Reproduce exactly the lines of the material beneath, from the line that contains "理学療法士の学生向けレポートの書き方相談にのります 臨床実習や授業でのレポート作成の相談相手になります。 イメージ6" to the line that contains "- Worksheets Library", both included, and no other lines.

DATASET EXTRACT:

§ §

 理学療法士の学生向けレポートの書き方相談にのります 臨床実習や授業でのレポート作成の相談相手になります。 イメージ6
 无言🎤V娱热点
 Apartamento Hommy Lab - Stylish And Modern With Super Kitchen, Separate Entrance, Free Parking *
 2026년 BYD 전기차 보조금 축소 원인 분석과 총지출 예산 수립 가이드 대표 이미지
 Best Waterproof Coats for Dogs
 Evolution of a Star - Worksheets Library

§ §

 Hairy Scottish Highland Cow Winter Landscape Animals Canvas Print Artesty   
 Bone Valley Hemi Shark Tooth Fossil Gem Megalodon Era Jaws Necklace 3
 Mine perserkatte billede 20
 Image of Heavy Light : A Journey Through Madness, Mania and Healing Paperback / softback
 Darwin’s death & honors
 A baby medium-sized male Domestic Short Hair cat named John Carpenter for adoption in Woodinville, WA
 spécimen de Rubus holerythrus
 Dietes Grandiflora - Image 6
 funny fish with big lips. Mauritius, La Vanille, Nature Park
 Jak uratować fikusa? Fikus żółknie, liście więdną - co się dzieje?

§ §

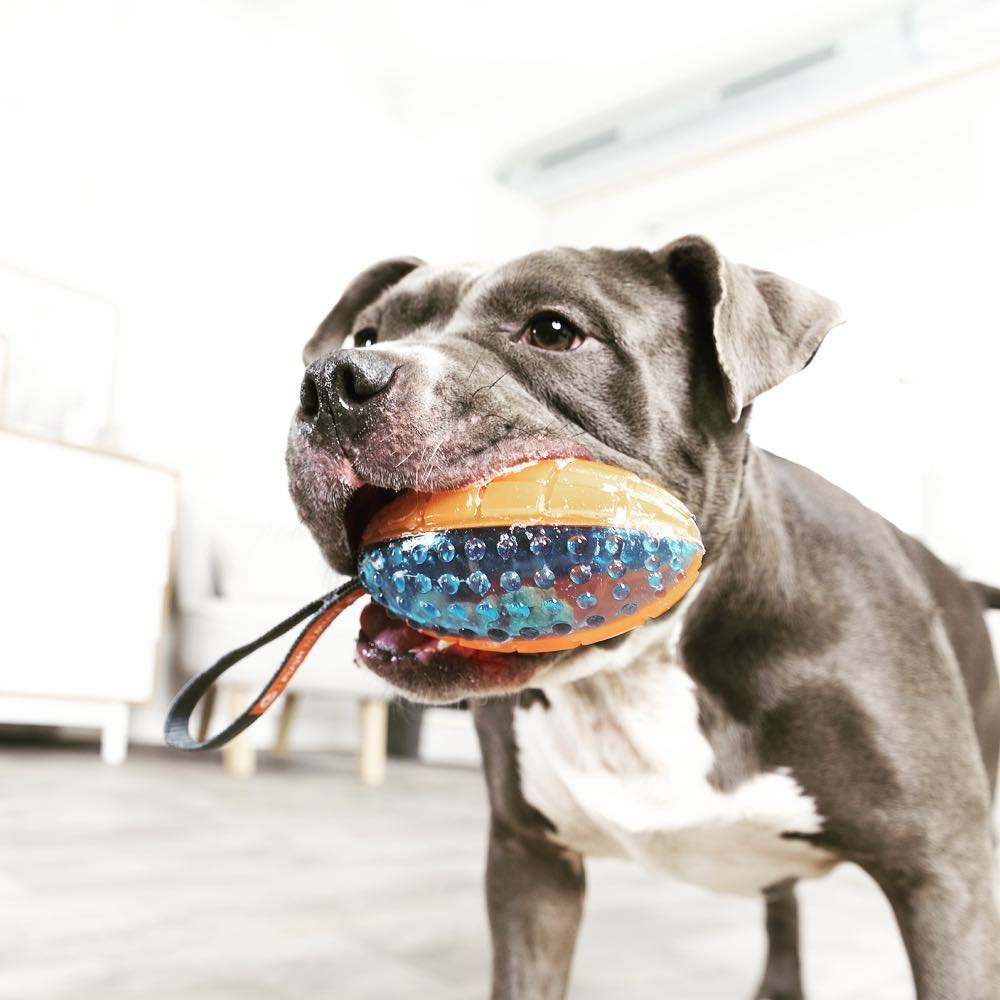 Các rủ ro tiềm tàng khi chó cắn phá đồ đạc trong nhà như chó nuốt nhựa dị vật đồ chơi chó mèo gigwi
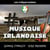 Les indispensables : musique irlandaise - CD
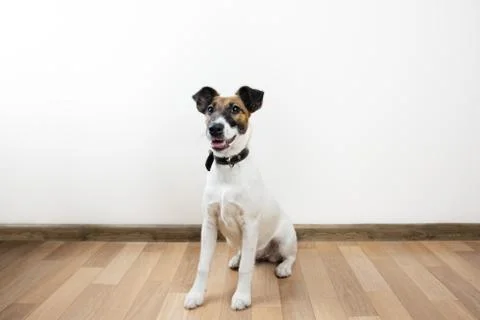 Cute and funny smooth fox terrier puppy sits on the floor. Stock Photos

§ §

EXERCISE ANSWER:
 理学療法士の学生向けレポートの書き方相談にのります 臨床実習や授業でのレポート作成の相談相手になります。 イメージ6
 无言🎤V娱热点
 Apartamento Hommy Lab - Stylish And Modern With Super Kitchen, Separate Entrance, Free Parking *
 2026년 BYD 전기차 보조금 축소 원인 분석과 총지출 예산 수립 가이드 대표 이미지
 Best Waterproof Coats for Dogs
 Evolution of a Star - Worksheets Library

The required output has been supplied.